Birmingham Troupe Corazon Flamenco Stomps and Twirls in Steamy “El Amor Brujo”

Posted by admin - November 10th, 2010

“BIRMINGHAM TROUPE CORAZON FLAMENCO STOMPS AND TWIRLS IN STEAMY “EL AMOR BRUJO” (Marija Temo, guest flamenco guitarist and singer)
REVIEW, Sept. 2009, The Birmingham News, Birmingham, AL, By Michael Huebner

By definition, flamenco encompasses dance, drama and music. With “El Amor Brujo” (“Love, the Magician”), the Birmingham troupe Corazon Flamenco has stayed true to the genre’s multi-genre, Andalusian roots.

Led by its talented director, Irene Rimer, the company made an impressive showing Saturday at Levite Jewish Community Center with this tale of steamy romance, murder and ghostly apparitions.

Based roughly on the ballet of the same title by Manuel de Falla, it contains snatches of recorded orchestral music and narrative dialogue to push the action along. Rimer’s brilliant choreography served the drama well, but spoken exchanges were weak. Scenes such as Jose’s murder and a meeting with a witch were stilted and needed more coaching. They were rescued only by the dance numbers that followed. Scene changes, some with awkward silence and darkness, needed tightening.

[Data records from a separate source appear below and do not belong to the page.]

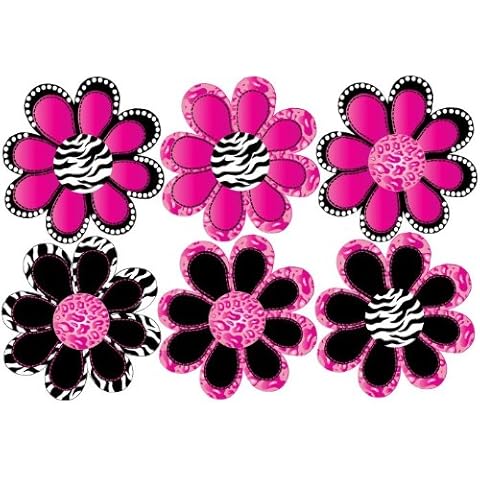 Hot Pink Zebra and Leopard Print Animal Print Octi- Petal Flower Wall Stickers, Wall Decals Cover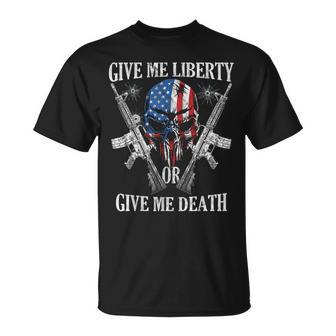 Give Me Liberty Or Give Me Death Skull Ar-15 American Flag T-Shirt - Monsterry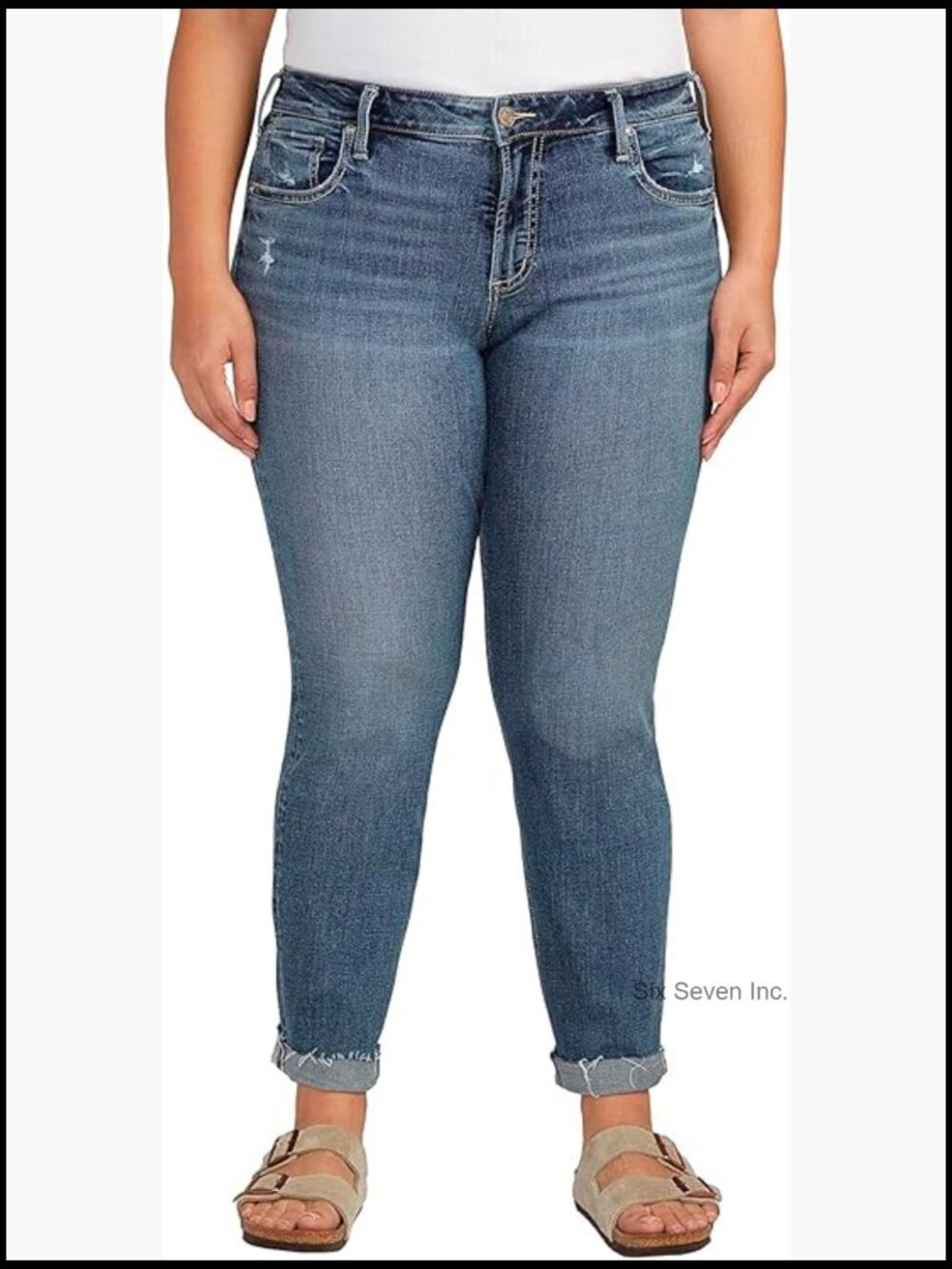 Plus Size Boyfriend Mid Rise Slim Leg Jeans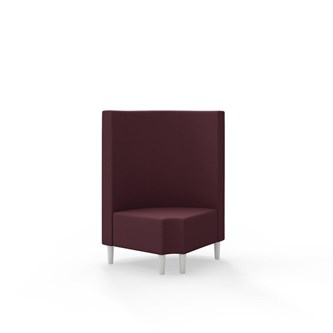 Hörnmodul Snake 90 grader R 12 rund med träben, mellanhög rygg SH43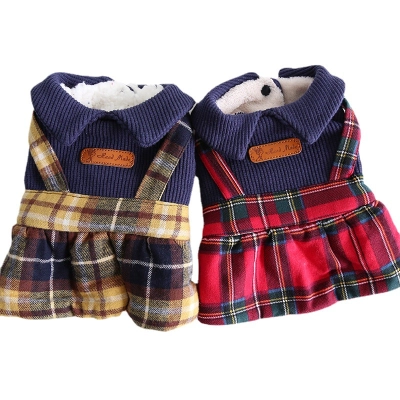 Pet Plaid Jumper Dress Sailor Collar Design 01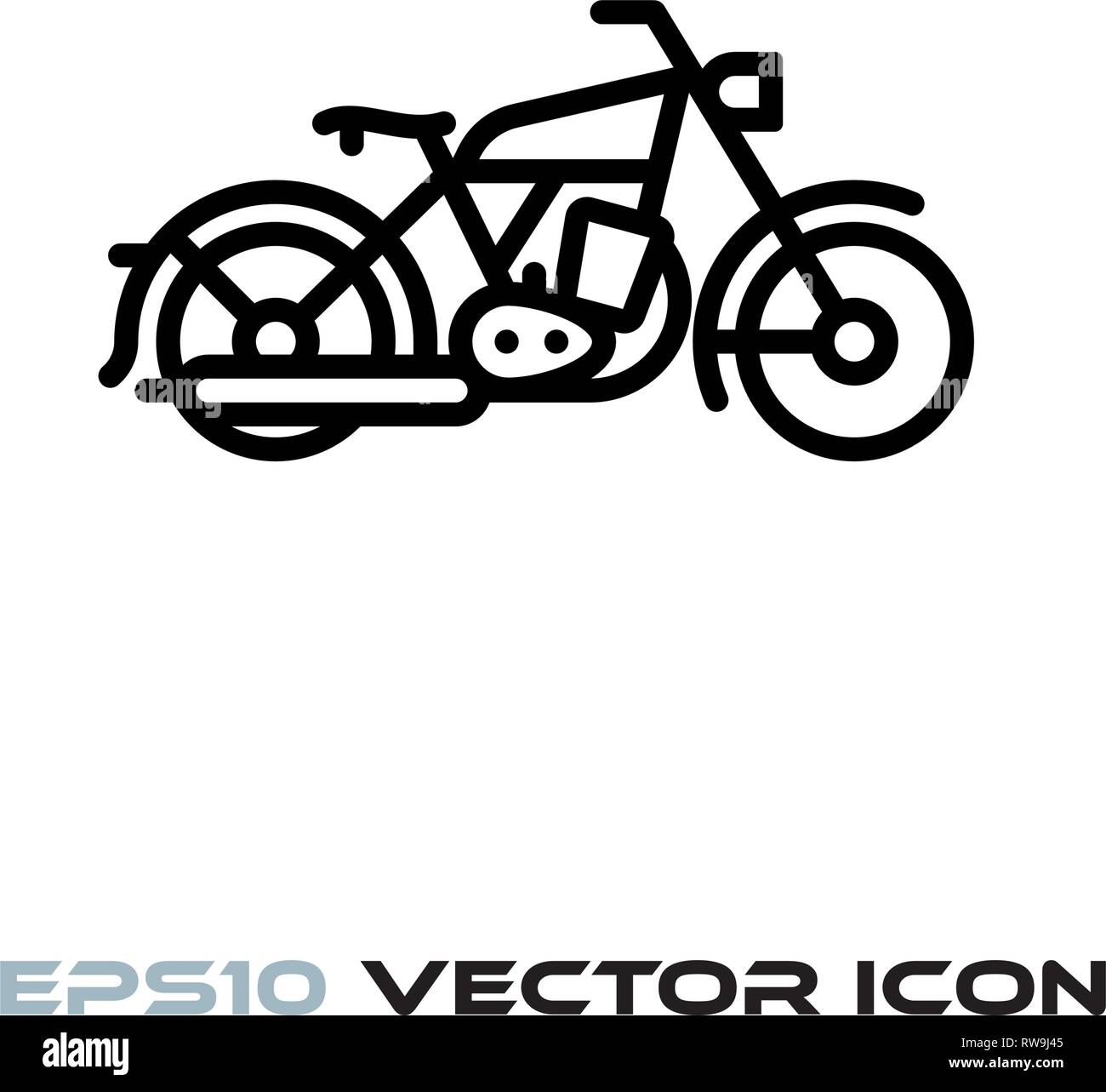 Vintage Motorcycle línea plana icono ilustración vectorial Ilustración del Vector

Guitarist and singer Marija Temo impressed on several occasions as she heightened the action and filled interludes. A classical guitarist and orchestral soloist as well as a flamenco expert, Temo possesses immaculate technique and an expressive, penetrating voice. Her accompaniments of Rimer’s dance solos were the most memorable parts of the show. Guitarist Tony Arnold, also a paleontology professor at Florida State University, contributed some beautiful solos and duets.



Like classical ballet, flamenco is mostly about dance. Rimer’s choreographic vision thrives on the frenetic stomping and complex heel-to-toe rhythms that drive this centuries-old art form. Ensemble numbers carried out by her well-trained troupe generated a whirlwind of flowing colorful costumes and coordinated movements. Solo numbers, especially those by Rimer and Julia Quijano, combined passion with spectacle. Fine performances were also turned by Carlos Lencina, as Jose, and Cole Companion, as Carmelo.

Together with last year’s production of “Blood Wedding” and “El Amor Brujo,” Corazon Flamenco has staged two ballets that filmmaker Carlos Saura tackled in his trilogy of flamenco-inspired dance films. Only “Carmen” remains. If the company is so inclined, it would be a welcome completion of the cycle.